山善は声をかけるのが怖かった。それでも勇気を振り絞って恐る恐る柴山に近づいた。聞いた。
「ブルース・ハーモニカのいいアルバムはありませんか」
柴山はぶっきらぼうに答えた。
「『サニー・ボーイ・ウィリアムソン2』はどうか」
山善は「田舎者」のギター、坂東嘉秀と一緒だった。嘉秀は坂東6人兄弟の末っ子。長兄はバンド「バイキング」のマネジャーをしていた。「バイキング」の名前を出した。
「柴山さんの表情が変わりました」
柴山はダンスホール時代、「バイキング」の実力を知っていた。「バイキング」の名前を介して柴山と親しくなり、さらに「サンハウス」のメンバーを知ることになる。
「毎日のようにメンバーの人たちの家を訪問し、そこでレコードをあさり、聴かせてもらった」
ロックの根にあるブルースにも開眼する。
× ×
山善にとって「サンハウス」はスターと同時に兄貴であり、教師だった。よく叱られもした。

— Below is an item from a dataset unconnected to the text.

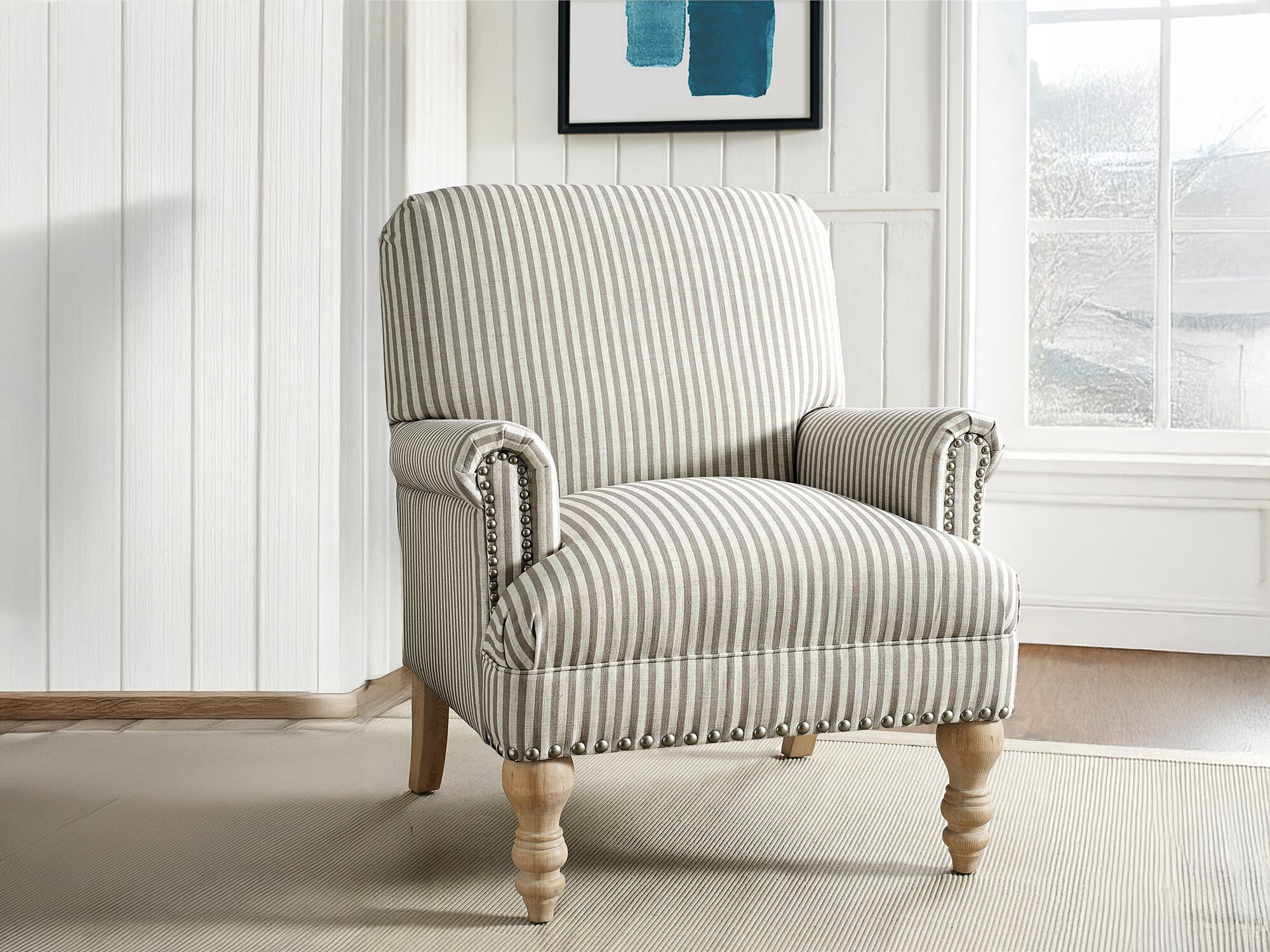 Fotelis Tulsa 466 (Balta + Smėlinė)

柴山「山部、語りのところでべらべらしゃべるな。おまえはしゃべりすぎだ」
鮎川誠「(レコードから)アバウトに音を取ってはいかん。音は正確にとれ」
篠山哲雄「山部、歌は最初から崩して歌ったらいかん」
博多ロックの先輩から後輩に向けた、厳しさの中にも愛のあるアドバイスだった。初めて日本語ロックを知るのも「サンハウス」を通してだった。山善が作詞をし、坂東が作曲した。オリジナルへの道も「サンハウス」から導かれた。
1974年の同市・明治生命ホールでのライブ「レッツゴー・フォーク」に「田舎者」は「サンハウス」と共に出演している。日本楽器福岡店が無料配布していた冊子の中の「編集後記」には当時のステージをこう書いている。

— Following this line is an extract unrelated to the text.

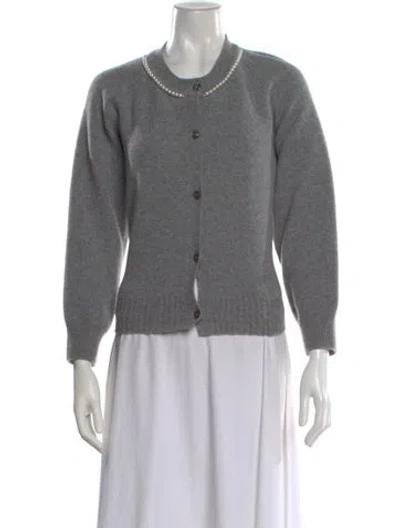 Pre-owned Simone Rocha Virgin Wool Scoop Neck Sweater In Gray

〈田舎者の演奏では数人の女の子が踊り出し、サンハウスの時にはお客の半分が踊り出す始末〉
山善が力をつけた78年、徳間音楽から当時のバンド「山善&博多パラダイス」にアルバムリリースの話があり、録音までこぎつけた。
「自分の考えている音楽と違った。気に入らなかった。こんなものは残せな
い」
鮎川誠とシーナが「出した方がいい」と説得したが聞かなかった。山善はリリースを断った。24歳の山善に大きな転機が迫っていた。